Hmm. Autre chose, donc. Et suffisamment dangereux pour ne pas en préciser la nature sur les ondes. À moins qu'il ne s'agisse de sa paranoïa qui refaisait surface... Harlock se pinça l'arête du nez. D'un autre côté, rares étaient les cas où sa paranoïa avait été prise en défaut.
Il fit un signe de tête à l'intention de Mitchell et son équipe afin qu'ils embarquent dans la navette.
— On y va, déclara-t-il. Restez sur vos gardes à l'arrivée.
— Encore un souci ? demanda Mitchell. Votre subordonnée vient pourtant d'annoncer que tout était sous contrôle !
— Pratiquement, précisa Harlock, reprenant le terme de Kei. Pratiquement.
Il se mordit nerveusement la lèvre.
— Oui, bon, ça ne m'a pas paru si catastrophique que ça, à entendre votre conversation, intervint Vala.

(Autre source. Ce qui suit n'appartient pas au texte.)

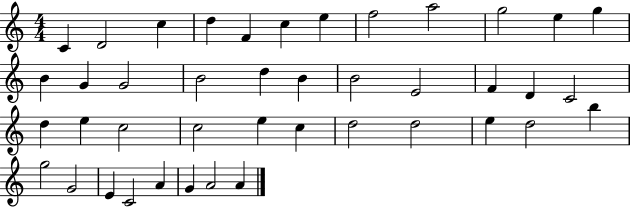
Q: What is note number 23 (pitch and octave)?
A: C4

— Une intuition, répondit Harlock laconiquement.
Une intuition qui se faisait bizarrement de plus en plus pressante. Oppressante, même. Comme une sorte de... malaise diffus.
Un appel au secours muet.
Harlock serra le poing. Intuition, paranoïa ou autre, sa présence était requise sur l'Arcadia d'urgence.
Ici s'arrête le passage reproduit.